IEEE Trans Pattern Anal Mach Intell. 2022 Sep;44(9):5847-5865. doi: 10.1109/TPAMI.2021.3070754. Epub 2022 Aug 4.
We describe a learning-based system that estimates the camera position and orientation from a single input image relative to a known environment. The system is flexible w.r.t. the amount of information available at test and at training time, catering to different applications. Input images can be RGB-D or RGB, and a 3D model of the environment can be utilized for training but is not necessary. In the minimal case, our system requires only RGB images and ground truth poses at training time, and it requires only a single RGB image at test time. The framework consists of a deep neural network and fully differentiable pose optimization. The neural network predicts so called scene coordinates, i.e., dense correspondences between the input image and 3D scene space of the environment. The pose optimization implements robust fitting of pose parameters using differentiable RANSAC (DSAC) to facilitate end-to-end training. The system, an extension of DSAC++ and referred to as DSAC*, achieves state-of-the-art accuracy on various public datasets for RGB-based re-localization, and competitive accuracy for RGB-D based re-localization.

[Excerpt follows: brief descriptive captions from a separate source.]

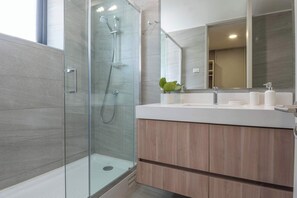Shower, hair dryer, towels, shampoo - HOM ELITE | 97m2 Suite TOP1 | Parking | Las Condes (Las Condes)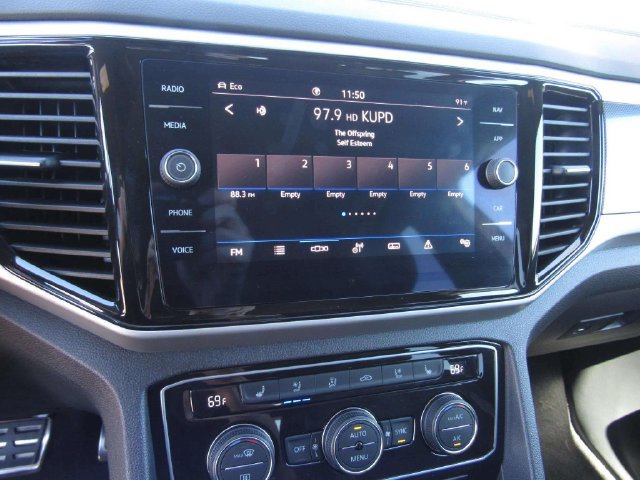 Used 2023 Volkswagen Atlas Cross Sport SEL Premium R-Line AWD/4WD image 20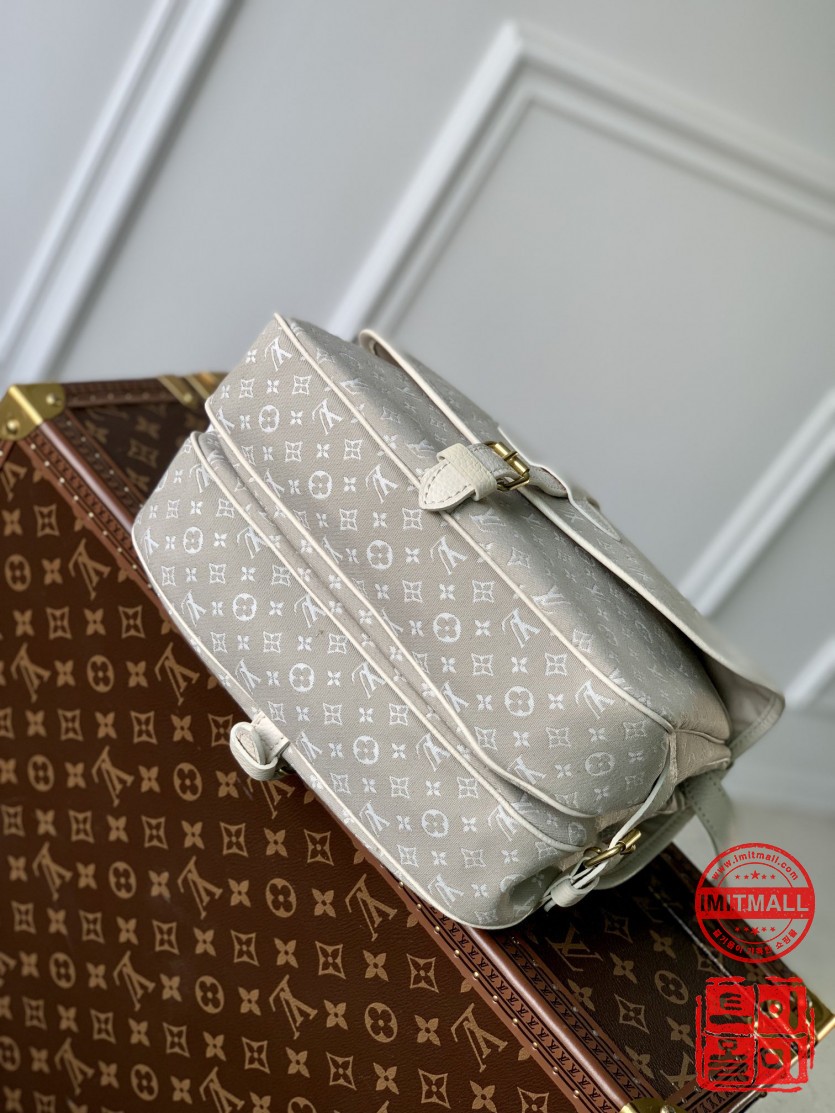louis_vuitton_xxxxx_big_00003.jpg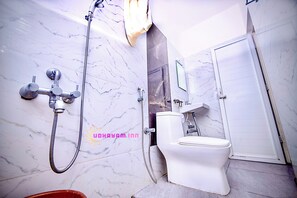 مستلزمات مجانية للعناية الشخصية، مناشف، صابون، شامبو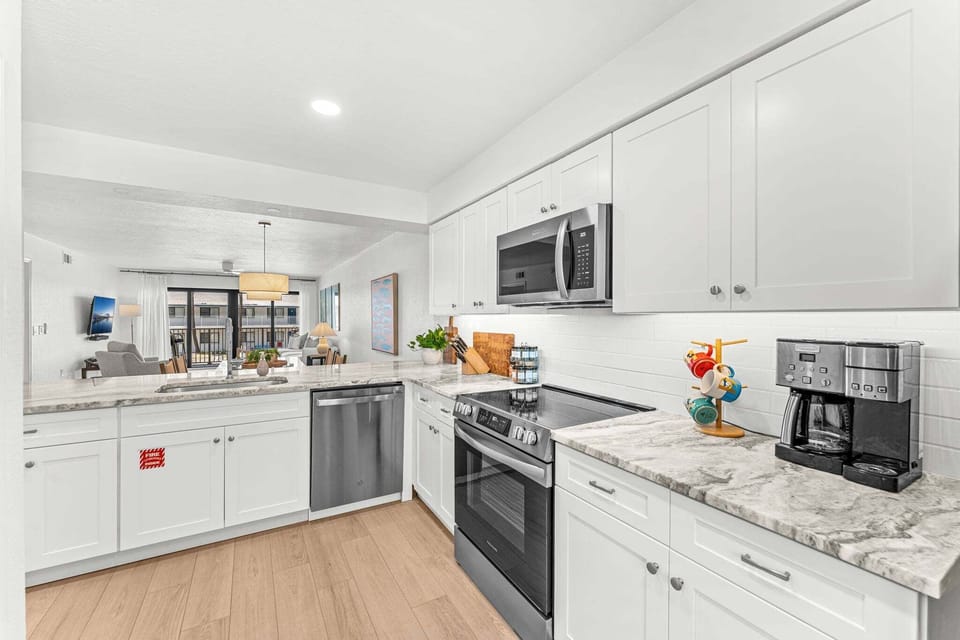 Fully equipped kitchen to make your favorite meals!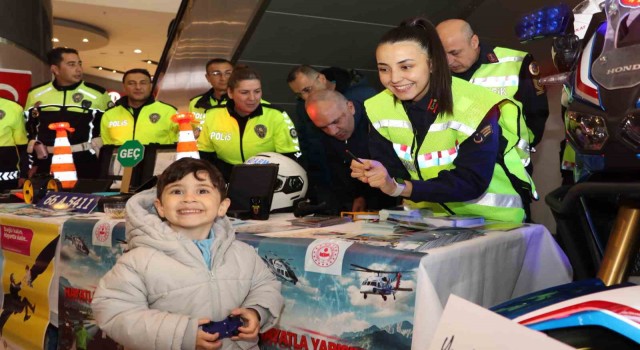 Yozgatta Karayolları Trafik ve İlk Yardım Haftası dolayısıyla tanıtım standı açıldı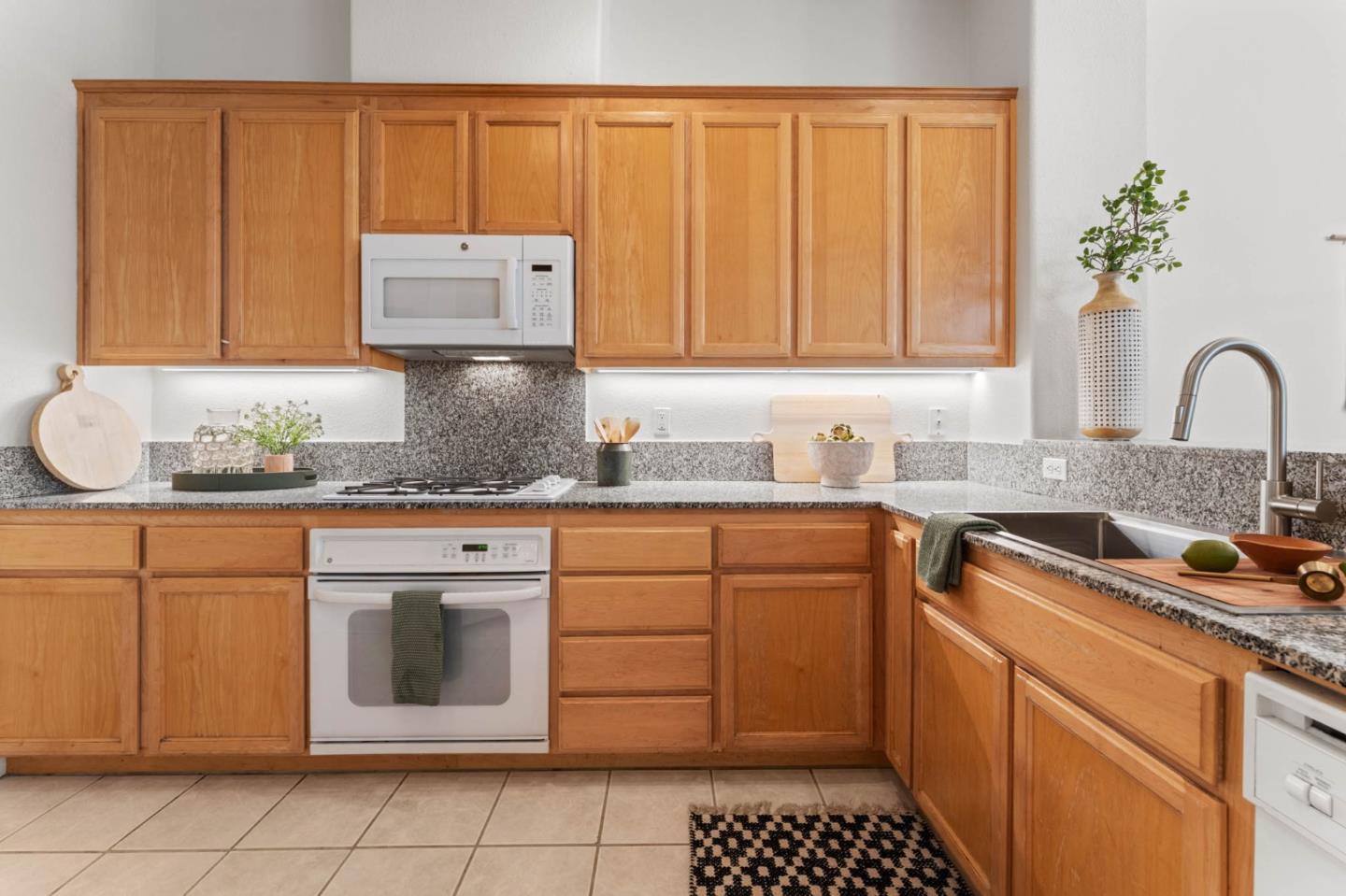 Detail Gallery Image 14 of 34 For 108 Kent Ct, Scotts Valley,  CA 95066 - 3 Beds | 2/1 Baths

我们描述了一个基于学习的系统,该系统可以根据已知环境中的单个输入图像来估计相机的位置和方向。该系统在测试和训练时可灵活运用信息量,以适应不同的应用。输入图像可以是 RGB-D 或 RGB,并且可以利用环境的 3D 模型进行训练,但不是必需的。在最小的情况下,我们的系统只需要在训练时提供 RGB 图像和地面实况姿势,并且只需要在测试时提供单个 RGB 图像。该框架由一个深度神经网络和完全可微分的姿势优化组成。神经网络预测所谓的场景坐标,即输入图像和环境的 3D 场景空间之间的密集对应关系。姿势优化使用可微分 RANSAC(DSAC)实现姿势参数的稳健拟合,以促进端到端训练。该系统是 DSAC++的扩展,称为 DSAC*,在各种用于基于 RGB 的重新定位的公共数据集上实现了最先进的精度,并且在基于 RGB-D 的重新定位方面具有竞争力的精度。